RL in a Nutshell


Reinforcement Learning (RL) underlies a number of fantastic recent technological advancements. This framework facilitates complex sequential decision making to maximize cumulative reward as prescribed by the model builder. The ability to specify how rewards are assigned and systematically determine the best course of action offers an entirely different problem solving paradigm inspired by our understanding of humans decision making. I am excited to see how these ideas will manifest in the automated systems of the future.

Sutton and Barto's Reinforcement Learning: An Introduction comes as a highly recommended reference on the topic. Here I'll share some of my takeaways on their materials.

RL is different. When we talk about learning, we are often making the distinction on whether our problem is (un/semi)supervised, as though this were the primary axis for characterizing learning methods. RL would evolve into a discipline recognized as distinct from (un)supervised learning. Positioned as a hub among science/engineering, RL draws influence from psychology & animal behavior as well operations research & control theory.
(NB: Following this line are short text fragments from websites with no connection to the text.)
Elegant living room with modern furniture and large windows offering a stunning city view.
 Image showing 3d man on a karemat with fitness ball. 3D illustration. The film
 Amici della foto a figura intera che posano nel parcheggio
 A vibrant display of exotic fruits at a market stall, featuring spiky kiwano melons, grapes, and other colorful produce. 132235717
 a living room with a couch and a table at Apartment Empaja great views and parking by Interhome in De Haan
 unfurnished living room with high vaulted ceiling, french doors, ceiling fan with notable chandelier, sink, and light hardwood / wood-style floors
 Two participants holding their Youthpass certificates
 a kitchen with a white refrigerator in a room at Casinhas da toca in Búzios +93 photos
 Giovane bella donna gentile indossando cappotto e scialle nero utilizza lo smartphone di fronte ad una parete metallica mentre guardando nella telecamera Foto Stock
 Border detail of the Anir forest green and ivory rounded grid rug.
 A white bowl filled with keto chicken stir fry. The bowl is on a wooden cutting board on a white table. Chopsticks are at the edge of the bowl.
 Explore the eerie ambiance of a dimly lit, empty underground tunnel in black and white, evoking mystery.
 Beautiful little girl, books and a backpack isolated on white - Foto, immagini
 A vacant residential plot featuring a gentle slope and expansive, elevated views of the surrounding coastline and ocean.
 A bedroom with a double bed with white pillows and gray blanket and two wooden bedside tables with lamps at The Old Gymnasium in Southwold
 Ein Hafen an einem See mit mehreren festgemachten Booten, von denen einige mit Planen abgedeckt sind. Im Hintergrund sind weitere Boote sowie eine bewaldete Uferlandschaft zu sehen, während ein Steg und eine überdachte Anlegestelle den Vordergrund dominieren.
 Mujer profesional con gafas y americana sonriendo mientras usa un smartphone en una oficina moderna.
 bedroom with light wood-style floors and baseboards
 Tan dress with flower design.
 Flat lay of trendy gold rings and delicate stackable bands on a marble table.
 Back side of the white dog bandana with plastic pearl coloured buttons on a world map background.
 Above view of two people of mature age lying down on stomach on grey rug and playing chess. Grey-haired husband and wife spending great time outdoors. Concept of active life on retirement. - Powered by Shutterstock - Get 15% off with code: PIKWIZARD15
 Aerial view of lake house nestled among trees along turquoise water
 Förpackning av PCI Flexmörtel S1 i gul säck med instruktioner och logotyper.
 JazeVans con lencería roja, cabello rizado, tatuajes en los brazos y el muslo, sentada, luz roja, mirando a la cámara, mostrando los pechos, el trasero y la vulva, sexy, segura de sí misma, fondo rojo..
But RL and (un)supervised methods can be combined to exploit the hidden structures of a problem, offering additional modeling flexibility.

RL is holistic. Reinforcement learning is in keeping with the current trend toward end-to-end solutions, and general learning principles. The abstractions of an environment, possible actions, goals, rewards, and credit assignment for the outcome of sequential choices underlies many real-world decision making challenges. (un)supervised learning methods are modular solutions, in that the practitioner reduces a larger problem to one where accuracy in object recognition could be helpful, for example.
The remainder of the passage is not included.